[Task statement] Go through the entries and count the lines with the string "glianec" in them. Give only that number.

[Listed entries]
◆ ◆ ◆ ◆ ◆

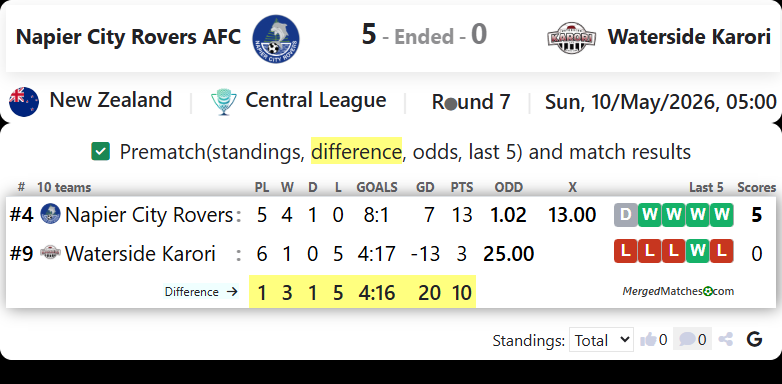 Napier City Rovers AFC Vs Waterside Karori screenshot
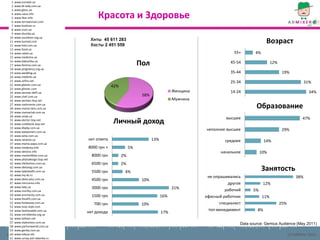 1 www.eurolab.ua
  2 www.bt-lady.com.ua
  3 www.gloss.ua
  4 www.uaua.info
  5 www.likar.info
  6 www.terrawoman.com
                                    Красота и Здоровье
  7 www.koolinar.ru
  8 www.izum.ua
  9 www.klumba.ua
 10 www.ovulation.org.ua
 11 www.kuroed.com                                                                                                     Возраст
                                Хиты 45 611 283
 12 www.hnb.com.ua
 13 www.food.ua
                                Хосты 2 451 559
 14 www.natali.ua
 15 www.medicina.ua
                                                                                                      55+       4%
 16 www.babushka.ua
 17 www.femina.com.ua                                       Пол                                      45-54                 12%
 18 www.pregnancy.org.ua
 19 www.wedding.ua
 20 www.medinfo.ua
                                                                                                     35-44                        19%
 21 www.zefira.net
 22 www.glianec.com.ua
                                                                                                     25-34                                       31%
 23 www.glianec.com
                                            42%
 24 www.woman.delfi.ua                                                         Женщина
 25 www.chef.com.ua
                                                                                                     14-24                                         34%
 26 www.women.itop.net
                                                             58%

 27 www.nastroenie.com.ua
                                                                               Мужчина

 28 www.mama-tato.com.ua                                                                                         Образование
 29 www.mamaclub.com.ua
 30 www.smak.ua
 31 www.doctor.itop.net
                                                                                                   высшее                                      47%
 32 www.cookbook.itop.net
                                            Личный доход
 33 www.4baby.com.ua
 34 www.wwwomen.com.ua
                                                                                         неполное высшее                          29%
 35 www.w2w.com.ua
 36 www.nevesta.ua
 37 www.mama-papa.com.ua
                               нет ответа                          13%                            среднее             14%
 38 www.medprep.info
 39 www.detstvo.info
                               8000 грн +              5%
 40 www.market4kids.com.ua
                                                                                                начальное           10%
 41 www.phytodesign.itop.net
                                 8000 грн         2%
 42 www.thefashion.com.ua
 43 www.dietolog.com.ua
                                 6500 грн         2%
 44 www.ladyhealth.com.ua
                                                                                                                     Занятость
 45 www.my-bt.ru
                                 5500 грн          4%
 46 www.dieta-plus.com.ua
                                                                                          не опрашивались                                  38%
 47 www.mircosmo.info
                                 4500 грн                    10%
 48 www.lady.ua
                                                                                                    другое           12%
 49 www.morfey.com.ua
                                 3000 грн                                      21%
 50 www.aromacity.com.ua
                                                                                                   рабочий     5%
 51 www.ihealth.com.ua
                                 1500 грн                                16%             офисный работник            11%
 52 www.forbeauty.com.ua
 53 www.tvoy-style.com
                                  700 грн                    10%                                специалист                       25%
 54 www.fashionable.com.ua
 55 www.mirrebenka.org.ua
                                                                                          топ-менеджмент         8%
                               нет дохода                                17%
 56 www.tetkam.net
 57 www.stylevision.com.ua
 58 www.parfumworld.com.ua
 59 www.gently.com.ua
                                                                                                         Data source: Gemius Audience (May 2011)

 60 www.edaua.net
 61 www.uznay-pol-rebenka.ru
www.admixer.net                                                                                                                        (c) AdMixer 2011
 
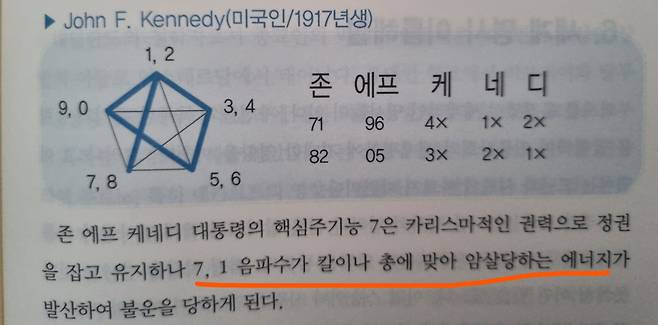 존 F. 케네디는 한글 음파때문에 살해당한 것이었다...... (미국 정보기관도 몰랐던 사실 아닐까)./한글음파이름학회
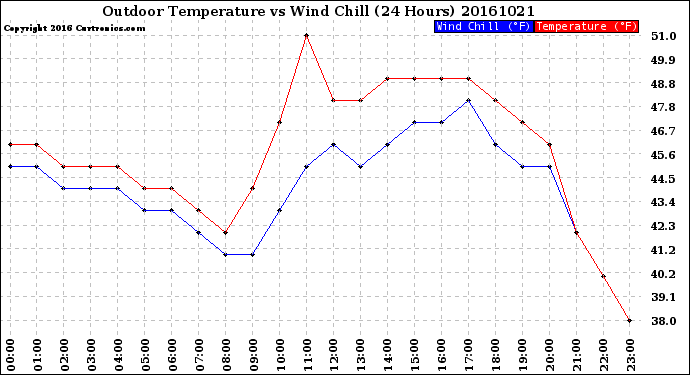 Milwaukee Weather Outdoor Temperature<br>vs Wind Chill<br>(24 Hours)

◆ ◆ ◆ ◆ ◆

[Exercise result] 2